We are currently extensively using the GetHashCode method to store hash codes in a database for tracking unique items. MSDN has a scary entry about this here
“The default implementation of the GetHashCode method does not guarantee unique return values for different objects. Furthermore, the .NET Framework does not guarantee the default implementation of the GetHashCode method, and the value it returns will be the same between different versions of the .NET Framework. Consequently, the default implementation of this method must not be used as a unique object identifier for hashing purposes.”
We have been using this approach for several years without issue. Should we be worried, and if so what would be a better approach?
To elaborate, the data is coming from an external source.
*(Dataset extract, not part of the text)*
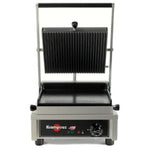 GECID3BO - Multi Contact Grill Small - Ribbed plate top-smooth plate bottom - Krampouz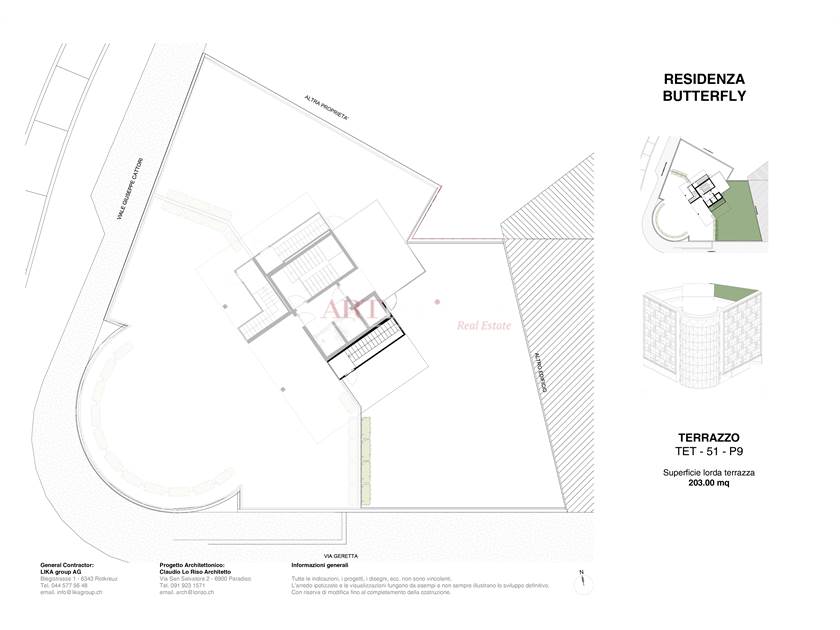 Residenza Butterfly: Moderner und Nachhaltiger Kom / ArtProjekt SA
We are taking two to three string fields, adding them together into a new string, and then using the GetHashCode off of that.
Using a hash code as a unique identifier is a really bad idea because you’re eventually guaranteed to have collisions if the collection is large enough — and it doesn’t have to be very large before you’re statistically likely to have a collision. Hash codes are a good, quick way to evaluate if two objects are the same when (assuming the same hash function) – if they hash to different values, they are definitely different. If they hash to the same value, however, then you need to do an equality comparison to make sure that they are the same object. At that point you need to compare the properties of the object that make it unique, i.e., if these properties are the same, then the objects are the same.
I’d suggest using a unique index in the database on the natural key properties in conjunction with an artificial, autoincrement id as the primary key. Then you can be sure that you don’t get duplicate insertions in the DB (uniqueness constraint of the index), but you can quickly compare the objects outside the DB by simply comparing whether they have the same id — also guaranteed to be unique by the primary key constraint.